The revelation we find in Christ of a transcendent God who steps into our world and becomes one with it through the Incarnation of Jesus having taken on flesh thru the Virgin Mary challenges the notions, ideals and systems of belief found in much of American Christianity.  Starting with the Incarnation of Christ we are confronted with the Transcendent fused with humanity which deconstructs American idolatry by asking what are we putting our faith in?  What ideology have constructed based on our own self-centered notions of truth?  Have we recreated god in our own image(s)?  How can a Christian assume or infer that the Jesus an opposing political campaign is praying to is a different Jesus than the one they’re praying to? 

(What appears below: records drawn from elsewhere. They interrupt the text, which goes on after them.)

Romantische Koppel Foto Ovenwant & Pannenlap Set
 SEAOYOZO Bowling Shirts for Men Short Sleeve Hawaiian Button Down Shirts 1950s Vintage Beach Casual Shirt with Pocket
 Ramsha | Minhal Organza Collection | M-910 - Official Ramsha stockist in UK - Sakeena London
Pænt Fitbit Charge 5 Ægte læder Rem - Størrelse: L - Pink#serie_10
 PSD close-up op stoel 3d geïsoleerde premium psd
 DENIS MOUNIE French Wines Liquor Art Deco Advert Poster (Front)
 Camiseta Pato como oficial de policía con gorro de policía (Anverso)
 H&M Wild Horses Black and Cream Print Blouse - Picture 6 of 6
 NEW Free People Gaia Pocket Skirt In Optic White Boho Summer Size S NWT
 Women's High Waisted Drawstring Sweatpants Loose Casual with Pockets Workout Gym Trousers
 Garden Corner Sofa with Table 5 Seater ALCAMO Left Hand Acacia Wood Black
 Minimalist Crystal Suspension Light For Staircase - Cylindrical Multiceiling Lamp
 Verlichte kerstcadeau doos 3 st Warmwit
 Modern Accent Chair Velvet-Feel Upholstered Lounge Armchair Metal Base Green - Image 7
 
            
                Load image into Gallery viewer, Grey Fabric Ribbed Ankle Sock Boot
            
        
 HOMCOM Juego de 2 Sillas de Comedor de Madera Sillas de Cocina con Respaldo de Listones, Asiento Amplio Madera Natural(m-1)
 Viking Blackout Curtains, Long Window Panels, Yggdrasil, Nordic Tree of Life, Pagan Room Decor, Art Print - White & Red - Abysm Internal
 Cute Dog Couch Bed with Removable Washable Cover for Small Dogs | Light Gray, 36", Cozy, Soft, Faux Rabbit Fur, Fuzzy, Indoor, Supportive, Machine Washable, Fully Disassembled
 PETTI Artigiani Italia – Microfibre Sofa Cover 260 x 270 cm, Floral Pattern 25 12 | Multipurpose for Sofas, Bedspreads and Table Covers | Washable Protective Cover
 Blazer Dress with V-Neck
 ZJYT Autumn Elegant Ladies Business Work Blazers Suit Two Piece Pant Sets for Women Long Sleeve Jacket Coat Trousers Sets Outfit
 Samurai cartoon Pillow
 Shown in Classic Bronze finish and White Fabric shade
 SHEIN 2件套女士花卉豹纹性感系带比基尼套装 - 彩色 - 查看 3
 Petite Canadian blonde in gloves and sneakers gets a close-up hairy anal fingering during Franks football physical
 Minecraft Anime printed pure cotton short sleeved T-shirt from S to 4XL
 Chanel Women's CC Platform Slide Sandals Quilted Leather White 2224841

We can assume the other’s Christ is not our Christ if we have reduced him to an impersonal ideology void of the transforming power of the Incarnation and Resurrection.  The Christ of Scripture has taken on flesh and blood to conquer death and give new life to all humanity transcending economic, social, political or cultural barriers.  At the cross there is neither republican or democrat but raw humanity stripped of it’s ideology, religion, beliefs, prejudices and perspectives so that we stand naked before the God whose love is so powerful that it faces and conquers death even for those who are enemies of God.  This love transcends human efforts to do good and exposes all political systems as self-righteous means to power.  It’s not that the efforts of either or any political party don’t have good intentions because I think there is good in every religion and every political system.  But, every religion and political system also has greed and self-centered seeking after power to fulfill personal agendas; this is reality.  It’s also why Christianity should never identify with a political system but seek the welfare and good of all humanity and every part of the world. 

I think it’s time to put a challenge to Christianity especially those forms that use politics to promote their agenda.  Either preach the gospel of Christ where there is suffering on the way to the cross of death giving salvation and new life to the world in the living resurrection or shut up and stay out of politics.  The political bantering on the part of most religious groups in the election season is sickening, dangerous and a hinderance to the real issues facing the American people.  If Christianity can’t preach, reflect, reveal, uncover the true and living Christ who has conquered death to give hope and new life then what passes for Christianity is a shame and needs to be done away with. 

Both candidates for president are making appeals to the Christian community and both candidates have different perspectives on faith issues and moral issues.  These differences or the candidates positions should never garner allegiance from any Christian who claims to follow the Christ who has transcended human barriers to create a community of people where there is no longer a division based on ethnicity or beliefs but one Body of Christ.  Instead it’s time for the church to challenge all political parties, regardless of their claims, to stand up for the poor, protect the widow and orphan, and stand for justice (not Quantomino bay style but Christ justice).  The church can only truly be prophetic in this cultural arena when it submits to no candidate but understands all candidates as being created in the image of God and worthy for office based on their abilities and calling.